Deep convolutional neural networks refer to the networks containing two layers or more than two layers of convolutional layer and sampling layer in the whole network. Each convolutional layer contains several different convolvers (filters) and these convolvers make observation to all partial features of the signal. Next to convolutional layer usually comes sampling layer, and sampling layer reduces the input node numbers of next layer by making the sampling of fixed window length to the output node numbers of the convolutional layer so as to control the complexity of the model. Then, convolution and sampling are made again to the output features of sampling layer, thus forming a kind of layered feature extractor and output of each layer can be regarded as an advanced expression form (i.e., advanced feature) of the “original” voice signal. Though convolutional neural networks also can realize classification of signal, its classification effect mainly relies on the artificial neural networks classifier formed by whole connection layer, while the artificial neural networks classifier has the problems such as worse generalization ability and local optimum, so this article only makes feature extraction by using convolutional networks. The structure of feature extraction of the convolutional neural networks herein is shown in Figure 1.
Different from Multilayer Perception (MLP) and other neural network structures, CNN introduces three important concepts: partial connection, pooling, and weight sharing. Hereunder, we will introduce in detail the CNN structure in sound recognition and how to understand such three important concepts of CNN in sound recognition.
3.1. Partial Connection and Weight Sharing
In traditional BP network, the neurons in each layer show a one-dimensional linear array structure, with neuron nodes between each layer fully connected, while, in convolutional neural networks, neurons of each layer no longer adopt full connection form, with neurons at lower layer connected partially with some neurons at upper layer (partial connection). Figures 2 and 3, respectively, represent fully connected neural networks and partially connected neural networks.
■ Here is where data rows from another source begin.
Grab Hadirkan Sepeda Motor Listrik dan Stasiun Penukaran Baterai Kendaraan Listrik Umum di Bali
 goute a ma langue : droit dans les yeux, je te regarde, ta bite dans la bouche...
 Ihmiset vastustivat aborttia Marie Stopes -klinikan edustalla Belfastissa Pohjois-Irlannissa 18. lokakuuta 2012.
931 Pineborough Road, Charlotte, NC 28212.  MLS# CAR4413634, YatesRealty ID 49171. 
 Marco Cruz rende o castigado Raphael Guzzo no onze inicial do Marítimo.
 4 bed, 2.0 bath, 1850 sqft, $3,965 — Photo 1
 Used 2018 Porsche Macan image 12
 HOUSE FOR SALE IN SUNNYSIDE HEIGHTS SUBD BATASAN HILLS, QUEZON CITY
As far as Figures 2 and 3 are concerned, the number of weights that need to be trained between fully connected neural network N − 1 layer and N layer is 24 (4 × 6) while the number of weights that need to be trained between partially connected neural networks N − 1 layer and N layer is only 12 (4 × 3). In this case, the number of training parameters only reduces slightly, but for a large neural network, each layer contains hundreds of neurons; the advantages of partial connection will become more prominent.
Weight sharing mechanism can further reduce the number of parameters that need to be trained in the networks. As shown in Figure 3, is concerned, if the weight sharing mechanism is used, the four groups of weight in the figure are the same (with each group assigned 3 weights, i.e., the convolutional kernel as mentioned hereunder); then there are only three weights that need to be trained between layer N − 1 and layer N, thus significantly reducing network parameters and reducing the complexity of the model.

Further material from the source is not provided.